Playing Scrabble with Victor, the Gamebot

cmurobotics / youtube
cmurobotics / youtube | cmurobotics / youtube

“I have legs,” Nick says.

“My head alone is twice your worth,” Victor replies. Victor likes to trash talk when he plays Scrabble. My friend Nick does, too. Only Victor is a robot. A trash-talking, Scrabble-playing robot.

Victor will play Scrabble with anyone who visits the School of Computer Science at Carnegie Mellon University in Pittsburgh, Pennsylvania. Reid Simmons, a research professor at CMU’s Robotic Institute, came up with the idea for the gamebot five years ago. The goal is to come up with a robot that converses with humans naturally; Victor's creators hope the gamebot will help them do that. “We’re looking at how people interact and how changes in the way that Victor interacts change the way that people interact," Simmons says. "Does emotion a move play a role in how people interact? Will they notice if Victor is happy or angry and will that affect the way that people interact?”

Playing Scrabble with a Robot

I am not a good Scrabble player. When the robot’s handler, Greg Armstrong, senior research technician at Carnegie Mellon University, directs me to taunt Victor by saying “I’m going to win,” the robot replies with “What scores are you looking at?” If he can’t think of a good response, the robot says, “Talk is cheap, silence is expensive.” Most of the robot's witty remarks were written by Michael Chemers, an associate professor of theater arts at the University of California, Santa Cruz. (Chemers also created the backstory for the robot and updates his Facebook page.)

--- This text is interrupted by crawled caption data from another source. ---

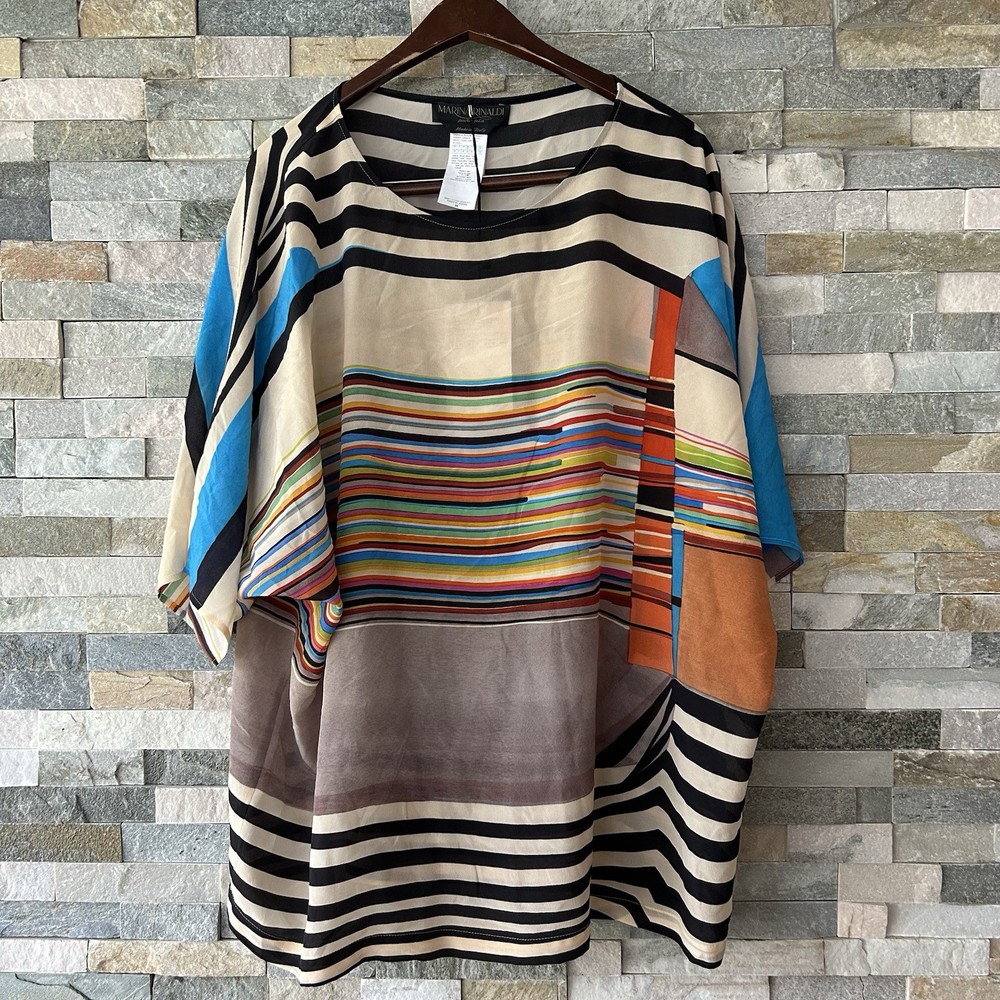 NWT Maria Rinaldi Plus Size 16 Fr 50 Bastione Silk Blouse Top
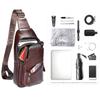 Genuine Leather Sling Bag Men Retro Shoulder Bag Multi-pocket Chest Bag with USB Charging Port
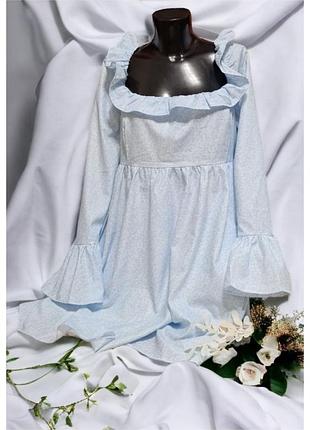 Голубое платье in the style в цветочный принт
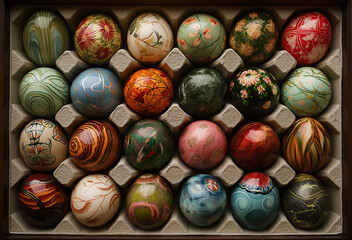 Fototapeta na wymiar Elegant chocolate gift box full of colorful painted easter eggs on the table with copy space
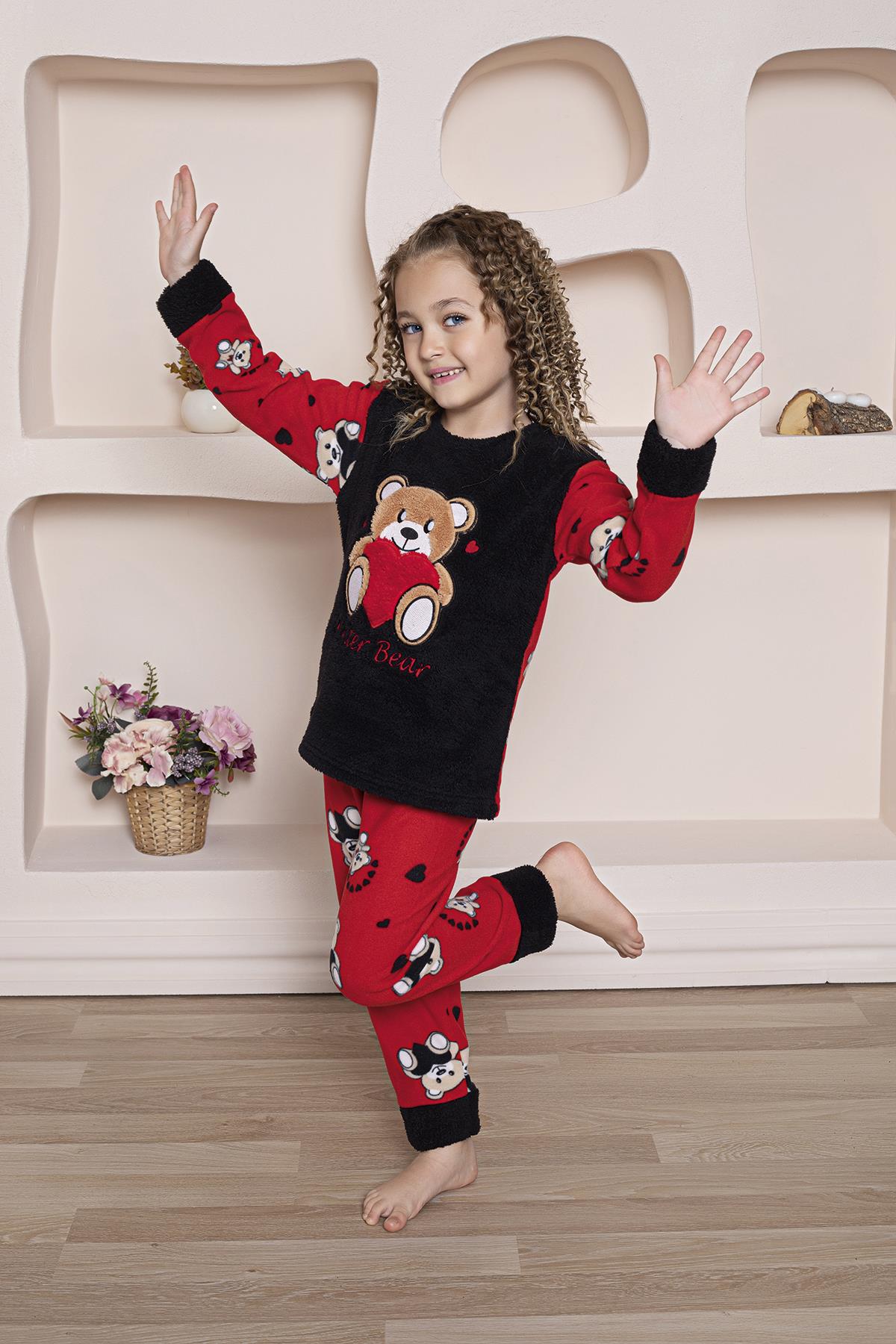 Yeni Sezon Sonbahar/Kış Kız Çocuk Ayıcık Desenli Polar Pijama Takımı 4940
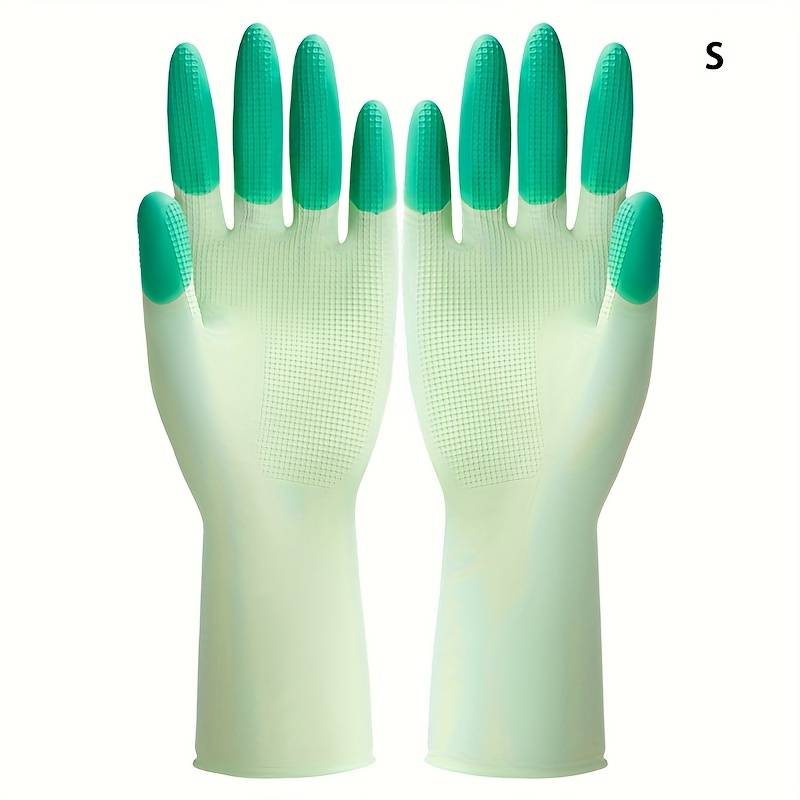1 Pair Green Size M Household Cleaning Gloves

Aside from the biting remarks—which increase in frequency when he is losing—Victor has an encyclopedic memory for the rules and immediately knows whether a word is valid or not. When Nick accidentally plays an incorrect word, Qa, Victor forces Nick to lose his turn—it's a Scrabble rule. But the bot has a bit of a pop culture blind spot: When Nick pulls ahead in the game and tells Victor that “resistance is futile,” the Scrabble-playing robot doesn't understand the Borg reference. Somebody forgot to program Victor with important Star Trek trivia.

When Victor becomes excited, his blockhead swivels and bobs a little, what Armstrong calls a “happy head bounce.” He has no arms or legs, so his head is the primary way he conducts nonverbal communication.

Simmons believes that by understanding how people interact with Victor, researchers will make robots that will better relate to humans. He thinks that robots will one day live with elderly or disabled people and help them live independently. Maybe a patient should be exercising, but isn’t listening to the robot’s instruction; should the robot get angry about it, or issue gentle rebukes? Using a game helps Simmons understand how people respond to robot "emotions."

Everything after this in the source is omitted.